● INSTRUCTIONS TO FOLLOW
Here is a block of entries. Write out its lines exactly, from the first through the one containing "Designer Napa Retreat".

● SOURCE MATERIAL
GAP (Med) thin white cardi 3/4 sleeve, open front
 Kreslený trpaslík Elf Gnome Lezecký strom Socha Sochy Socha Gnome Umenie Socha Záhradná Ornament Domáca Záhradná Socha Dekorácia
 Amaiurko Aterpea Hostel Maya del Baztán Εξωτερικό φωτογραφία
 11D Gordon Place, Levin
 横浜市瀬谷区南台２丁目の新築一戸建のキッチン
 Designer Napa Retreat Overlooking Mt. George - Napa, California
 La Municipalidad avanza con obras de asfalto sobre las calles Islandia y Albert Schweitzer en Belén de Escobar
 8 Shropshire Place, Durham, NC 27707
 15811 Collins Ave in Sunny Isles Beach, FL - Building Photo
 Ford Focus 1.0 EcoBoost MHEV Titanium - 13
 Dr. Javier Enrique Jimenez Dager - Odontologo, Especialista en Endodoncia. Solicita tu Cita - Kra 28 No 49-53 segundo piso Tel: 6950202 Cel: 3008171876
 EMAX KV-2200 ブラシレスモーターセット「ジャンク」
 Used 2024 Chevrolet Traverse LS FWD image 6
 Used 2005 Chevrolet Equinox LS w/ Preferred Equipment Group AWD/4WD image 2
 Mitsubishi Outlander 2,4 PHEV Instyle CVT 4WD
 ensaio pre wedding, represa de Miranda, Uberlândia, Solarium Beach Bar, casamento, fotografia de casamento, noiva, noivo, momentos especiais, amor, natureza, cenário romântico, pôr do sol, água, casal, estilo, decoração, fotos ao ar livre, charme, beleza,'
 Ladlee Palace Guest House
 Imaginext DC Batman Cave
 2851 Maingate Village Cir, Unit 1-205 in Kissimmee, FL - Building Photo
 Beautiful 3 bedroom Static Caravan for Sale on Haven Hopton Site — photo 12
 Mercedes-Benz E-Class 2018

● WRITTEN SOLUTION
GAP (Med) thin white cardi 3/4 sleeve, open front
 Kreslený trpaslík Elf Gnome Lezecký strom Socha Sochy Socha Gnome Umenie Socha Záhradná Ornament Domáca Záhradná Socha Dekorácia
 Amaiurko Aterpea Hostel Maya del Baztán Εξωτερικό φωτογραφία
 11D Gordon Place, Levin
 横浜市瀬谷区南台２丁目の新築一戸建のキッチン
 Designer Napa Retreat Overlooking Mt. George - Napa, California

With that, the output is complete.